Neid auf Kollegen ist nicht Löws Art, aber man darf ihm unterstellen, dass es vereinzelte Momente gibt, in denen er gern Vereinstrainer wäre, damit er zum Manager gehen könnte, um ihm den Kauf eines neuen defensiven Mittelfeldspielers aufzutragen. Am Dienstagabend in Berlin hätte es ihm einstweilen schon genügt, wenn er Sami Khedira, Mats Hummels oder einen der Bender-Zwillinge zur Verfügung gehabt hätte. Oder, tatsächlich, Marcel Schmelzer.

Ihm ist aber auch klar, dass es nicht ratsam ist, solche Wünsche in der Öffentlichkeit zu äußern. Erstens weil es die Spieler desavouieren würde, die auf dem Platz standen. Zweitens weil man es ihm als Ausflucht auslegen würde.

Dass die Juniorenmannschaften des DFB bis zur WM 2014 Personal liefern werden, die die Schwachstellen im Profil ausbessern, ist unwahrscheinlich.
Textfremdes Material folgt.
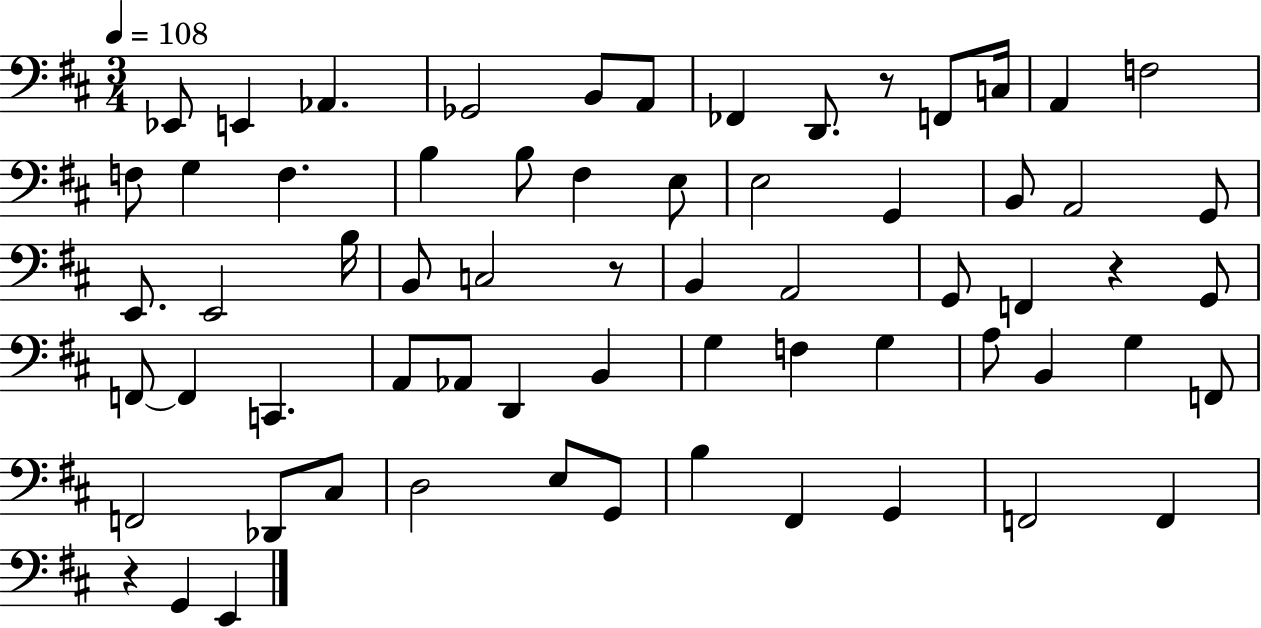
X:1
T:Untitled
M:3/4
L:1/4
K:D
_E,,/2 E,, _A,, _G,,2 B,,/2 A,,/2 _F,, D,,/2 z/2 F,,/2 C,/4 A,, F,2 F,/2 G, F, B, B,/2 ^F, E,/2 E,2 G,, B,,/2 A,,2 G,,/2 E,,/2 E,,2 B,/4 B,,/2 C,2 z/2 B,, A,,2 G,,/2 F,, z G,,/2 F,,/2 F,, C,, A,,/2 _A,,/2 D,, B,, G, F, G, A,/2 B,, G, F,,/2 F,,2 _D,,/2 ^C,/2 D,2 E,/2 G,,/2 B, ^F,, G,, F,,2 F,, z G,, E,,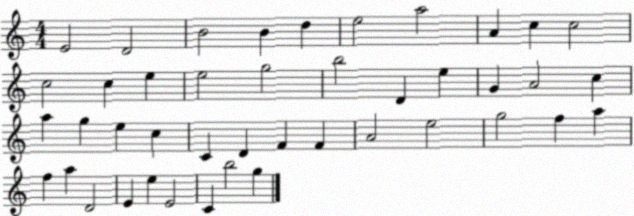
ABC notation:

X:1
T:Untitled
M:4/4
L:1/4
K:C
E2 D2 B2 B d e2 a2 A c c2 c2 c e e2 g2 b2 D e G A2 c a g e c C D F F A2 e2 g2 f a f a D2 E e E2 C b2 g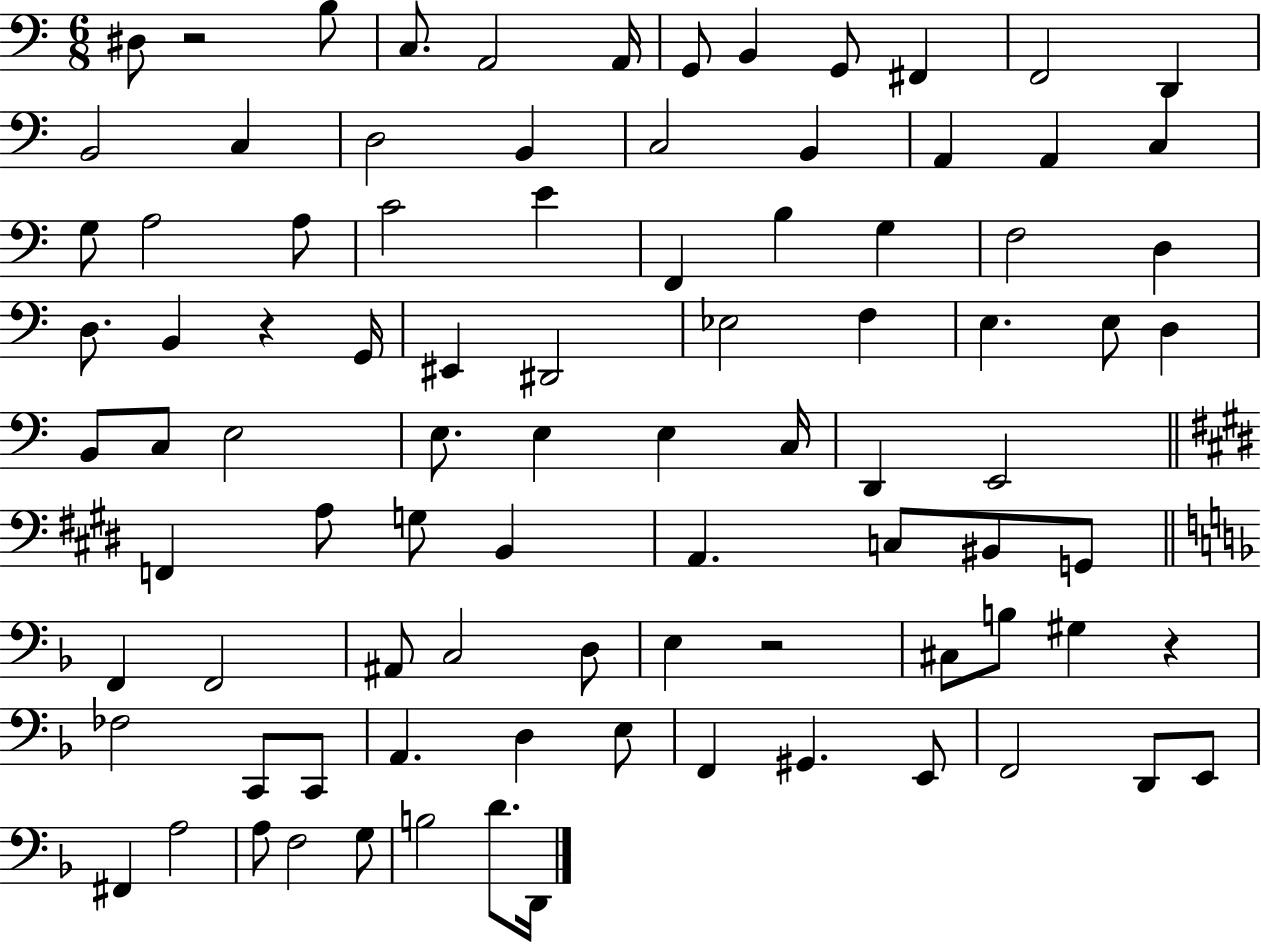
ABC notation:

X:1
T:Untitled
M:6/8
L:1/4
K:C
^D,/2 z2 B,/2 C,/2 A,,2 A,,/4 G,,/2 B,, G,,/2 ^F,, F,,2 D,, B,,2 C, D,2 B,, C,2 B,, A,, A,, C, G,/2 A,2 A,/2 C2 E F,, B, G, F,2 D, D,/2 B,, z G,,/4 ^E,, ^D,,2 _E,2 F, E, E,/2 D, B,,/2 C,/2 E,2 E,/2 E, E, C,/4 D,, E,,2 F,, A,/2 G,/2 B,, A,, C,/2 ^B,,/2 G,,/2 F,, F,,2 ^A,,/2 C,2 D,/2 E, z2 ^C,/2 B,/2 ^G, z _F,2 C,,/2 C,,/2 A,, D, E,/2 F,, ^G,, E,,/2 F,,2 D,,/2 E,,/2 ^F,, A,2 A,/2 F,2 G,/2 B,2 D/2 D,,/4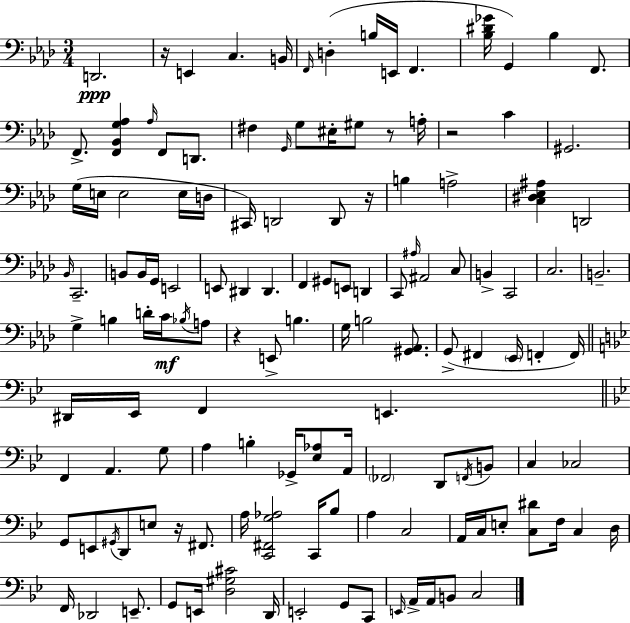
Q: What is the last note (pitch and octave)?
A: C3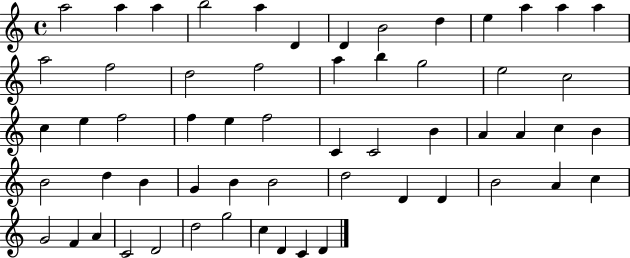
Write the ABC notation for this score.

X:1
T:Untitled
M:4/4
L:1/4
K:C
a2 a a b2 a D D B2 d e a a a a2 f2 d2 f2 a b g2 e2 c2 c e f2 f e f2 C C2 B A A c B B2 d B G B B2 d2 D D B2 A c G2 F A C2 D2 d2 g2 c D C D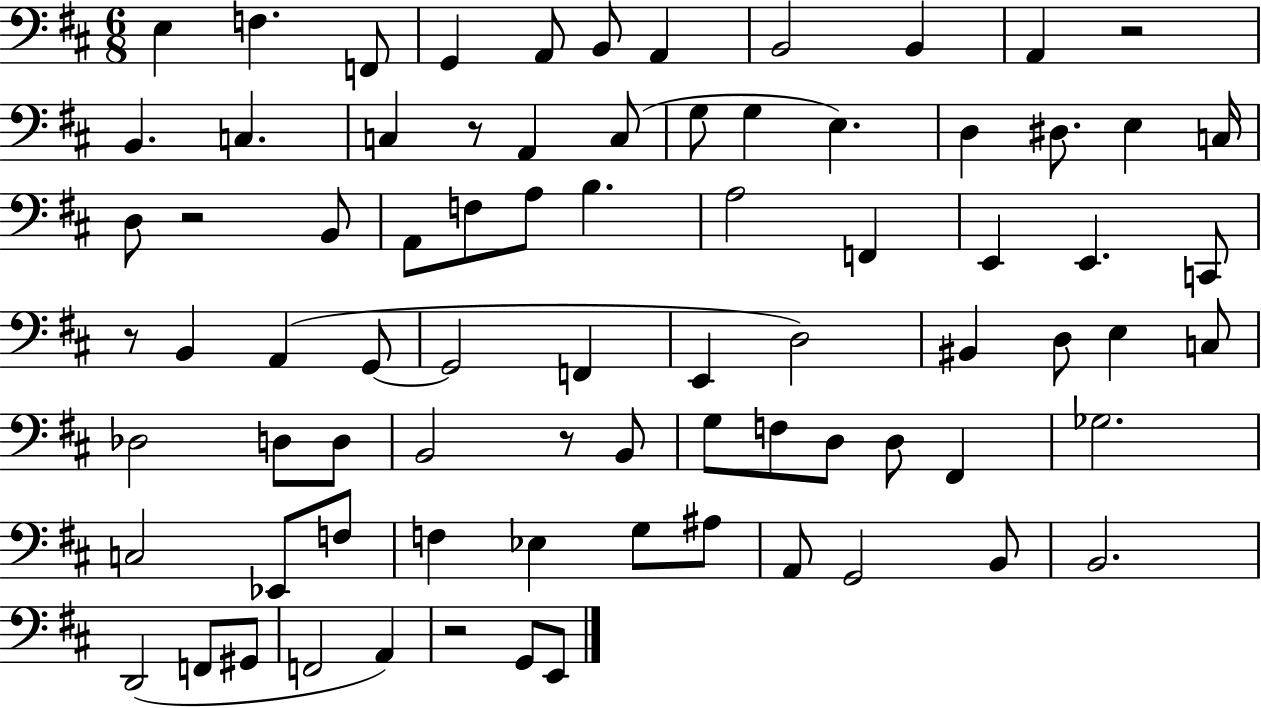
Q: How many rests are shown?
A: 6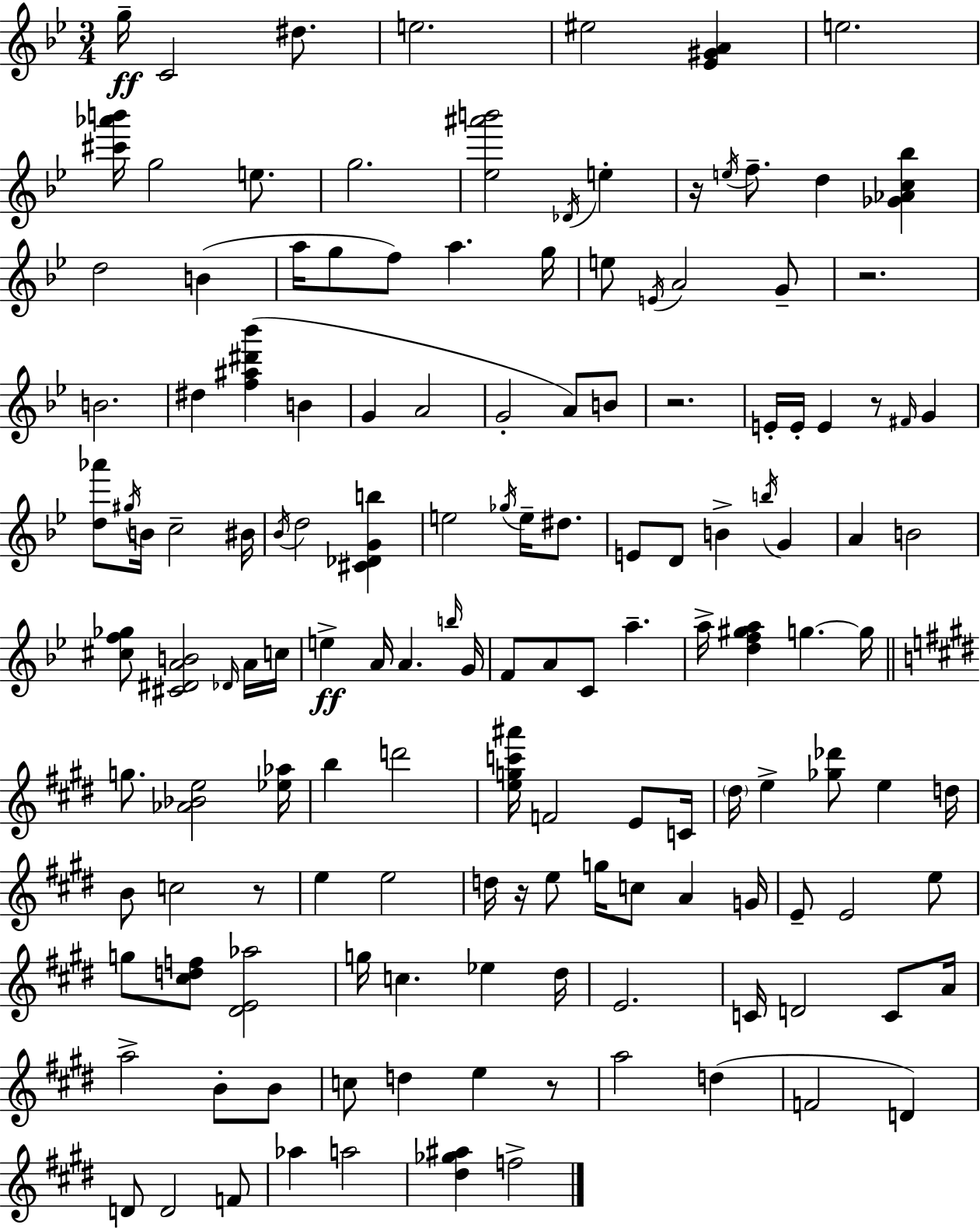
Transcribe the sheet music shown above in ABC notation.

X:1
T:Untitled
M:3/4
L:1/4
K:Bb
g/4 C2 ^d/2 e2 ^e2 [_E^GA] e2 [^c'_a'b']/4 g2 e/2 g2 [_e^a'b']2 _D/4 e z/4 e/4 f/2 d [_G_Ac_b] d2 B a/4 g/2 f/2 a g/4 e/2 E/4 A2 G/2 z2 B2 ^d [f^a^d'_b'] B G A2 G2 A/2 B/2 z2 E/4 E/4 E z/2 ^F/4 G [d_a']/2 ^g/4 B/4 c2 ^B/4 _B/4 d2 [^C_DGb] e2 _g/4 e/4 ^d/2 E/2 D/2 B b/4 G A B2 [^cf_g]/2 [^C^DAB]2 _D/4 A/4 c/4 e A/4 A b/4 G/4 F/2 A/2 C/2 a a/4 [df^ga] g g/4 g/2 [_A_Be]2 [_e_a]/4 b d'2 [egc'^a']/4 F2 E/2 C/4 ^d/4 e [_g_d']/2 e d/4 B/2 c2 z/2 e e2 d/4 z/4 e/2 g/4 c/2 A G/4 E/2 E2 e/2 g/2 [^cdf]/2 [^DE_a]2 g/4 c _e ^d/4 E2 C/4 D2 C/2 A/4 a2 B/2 B/2 c/2 d e z/2 a2 d F2 D D/2 D2 F/2 _a a2 [^d_g^a] f2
Löw hat oft erwähnt, dass Deutschland zwar mit vielen Talenten gesegnet ist, dass die Vielzahl dieser Talente aber nicht gerecht über alle Positionen verteilt ist. Klagen verbieten sich selbstverständlich, denn die Bundesliga hat ihm andererseits Spieler wie Marco Reus, Mesut Özil oder Mario Götze beschert und einen Torhüter wie Manuel Neuer, der im Allgemeinen besser beieinander ist, als er es am Dienstagabend war.

Dass Neuer, wie manche Beobachter mutmaßten, eine rätselhaft schwierige Phase durchlebt oder gar Angst um seinen Stammplatz hat, weil René Adler wieder in bester Form ist, das wird beim DFB heftig bestritten. Neuer sei während der vergangenen Tage so angenehm und relaxed gewesen wie immer - Dienstagabend ausgenommen.

Die Eingeweihten versichern außerdem, dass sich der Bundestrainer jetzt keineswegs in die Einsiedelei auf den Feldberg im Schwarzwald zurückziehen werde. Aus dem Berliner Spiel habe er vor allem eine Lektion mitgenommen, heißt es: Dass er unverändert seine Lehre des offensiven und technischen Fußballs beibehalten möchte - um sie gewinnbringend zu verbessern.